After completing this course, the student will have
- knowledge of important network algorithms
- knowledge of important algorithmic techniques and concepts
- ability to model problems from applications as an (algorithmic) network problem
- ability to apply algorithmic techniques, to solve algorithmic network problems
- ability to prove correctness of a network algorithm
- ability to formulate graph and network algorithms
- ability to analyze the running time of network algorithms
There are a number (approximately 6) exercise sets, and two exams.
The exercise sets count for 30 percent of the end note, and the two exams each for 35 percent.
The exercises sets will be peer-reviewed in class during a session in which the teachers will explain the solutions of the exercises.

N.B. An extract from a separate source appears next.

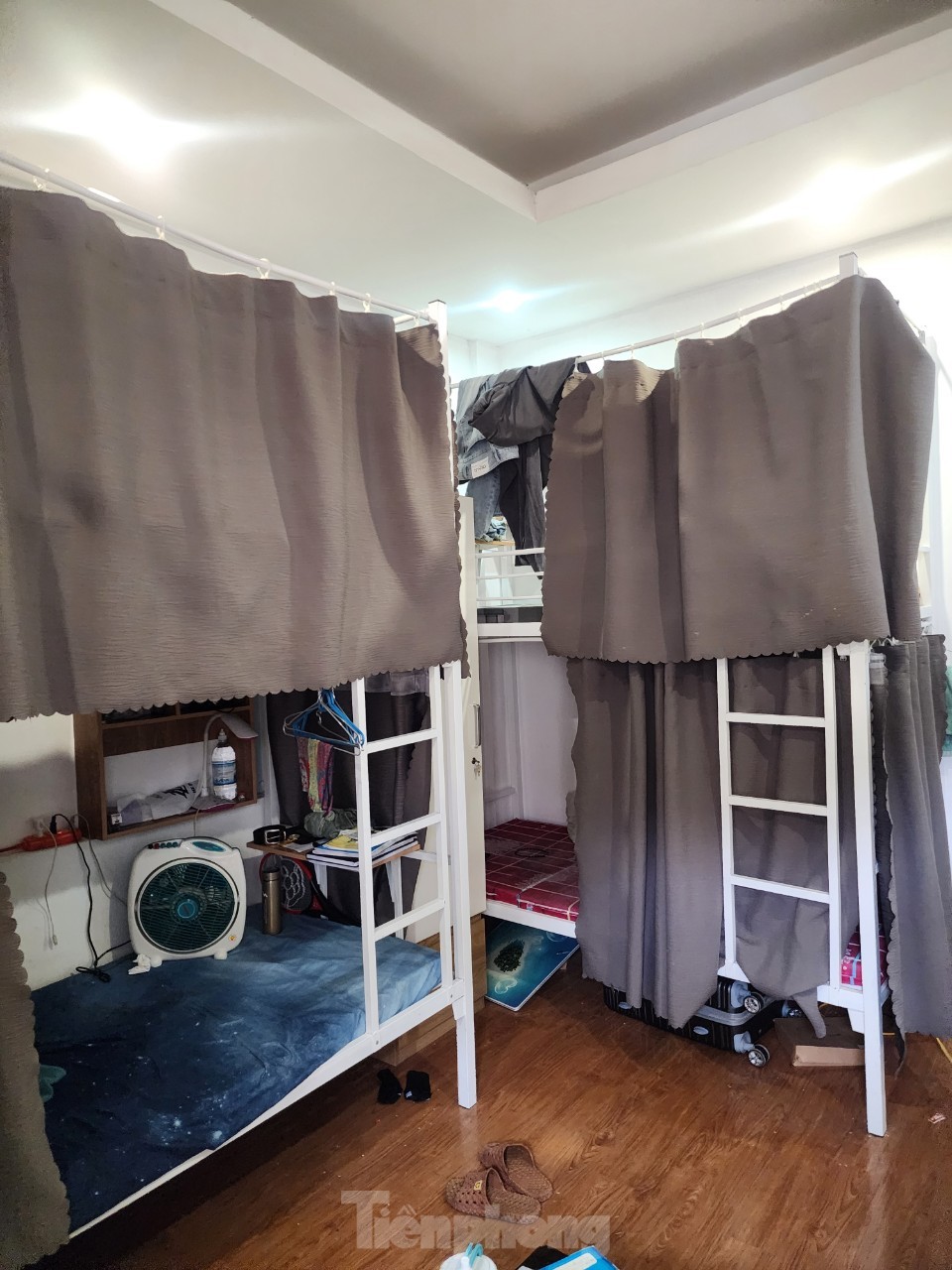 Close-up of a room with bunk beds and sleeping boxes at risk of fire and explosion in Hanoi, photo 8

In order to pass the course, you need:
- an average grade of at least 5.5 (computation of the average is explained at the course website).
- at least an average grade of 6.0 on the exercises.

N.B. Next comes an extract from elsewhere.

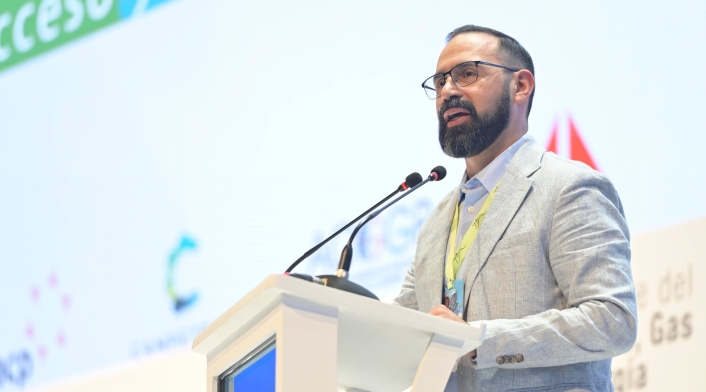 Andrés Camacho, ministro de Minas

- an average of at least 5.0 for the exams.
A repair test requires at least a 4 for the original test.
We expect basic mathematic and algorithmic skills and knowledge.
Besides the basics, we also expect the students to be familiar with basic algorithmic paradigms and the theory of NP-completeness.
This is taught in courses such as INFOAL Algorithmiek (bachelor level 3), or INFOMADS Algorithms for decision support (master).
If you have not taken these courses (or any other equivalent course) it may be hard to keep up with the pace of the course.
Contact the course coordinator if you’re in doubt
In this course a number of advanced techniques for efficient algorithm design are studied, often at the hand of problems from networks and graphs.|
Networks and graphs are often used as a basic model, both to model practical application, and as a theoretical object to study and design algorithms for.
Typical examples of networks are networks of roads, electronic networks, social networks.
In other applications, the graph model may be less obvious, but appears to be very useful, like for scheduling problems.
In this course, the translation of problem to network model is treated, and algorithmic problems and their solutions on networks and graphs are looked into.
This is done in two parts: the first part is on important fundamental graph algorithms with both practical and theoretical implications, namely maximum flow/minimum cut, minimum cost flows, (stable) matchings, Euler tours, planar graphs).
The second part focuses on getting familiar with a broader range of fields of algorithmic study involving graphs (fixed parameter tractability, exact exponential-time algorithms, probabilistic/randomized algorithms, tree width, approximation algorithms and complexity theory).